Since I missed my deadline of March 21st, my goal is to have the blog live on April 8th, my birthday! I’m spending my birthday in quarantine, but I also feel this may just be my best birthday yet. I’m gifting myself something priceless – the planting of the seed.
All This to Say…
I know we keep seeing everywhere people trying to encourage one another to take advantage of this time off. To start that one thing that they kept holding off. And yes, I think encouragement is good, but I also think people need to do what their body is telling them to do. If you need a rest, take a rest. Don’t feel pressured to start a new project or goal. In our normal day-to-day lives, we’re constantly being pressured. There’s no reason to keep that going if it feels toxic to you.

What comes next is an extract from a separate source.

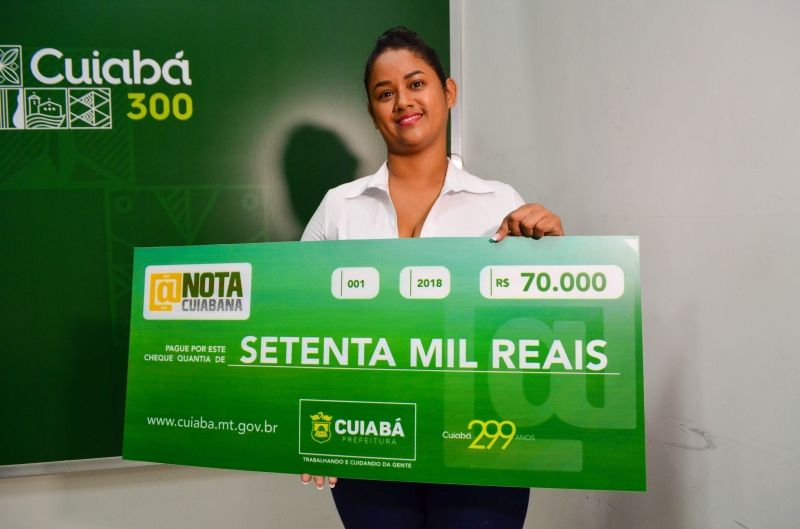 Nota Cuiabana Premiada tem edição especial dos 300 Anos de Cuiabá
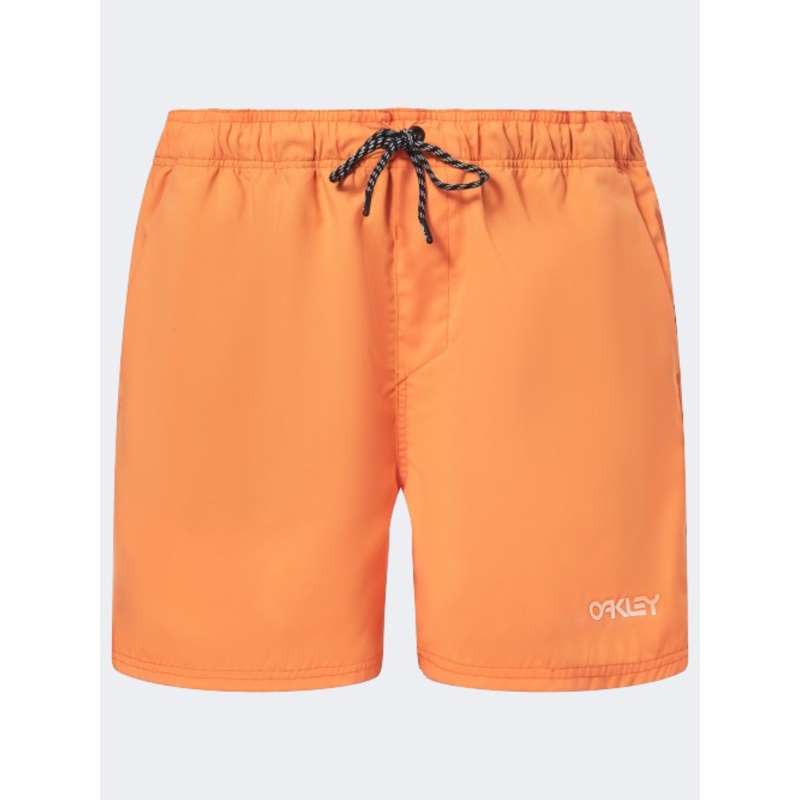 Oakley Volley 16 Inch Men Beach Swim Short Soft Orange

Do what makes your heart happy. If that’s laying around watching movies, I truly see nothing wrong with that. People create movies for a reason and there’s nothing to feel guilty about if you’d rather sit and enjoy them. You’re still taking in art and getting inspired. If you’ve been itching to cut your bangs, do it! If it looks horrible, it’ll be grown back out by the time social distancing is over! This is the time to just do whatever you want – totally guilt-free.
I hope everyone is staying strong, maintaining distance from others and boosting your immune systems. There will always be things out of our control. The only thing we have true power over is our reaction.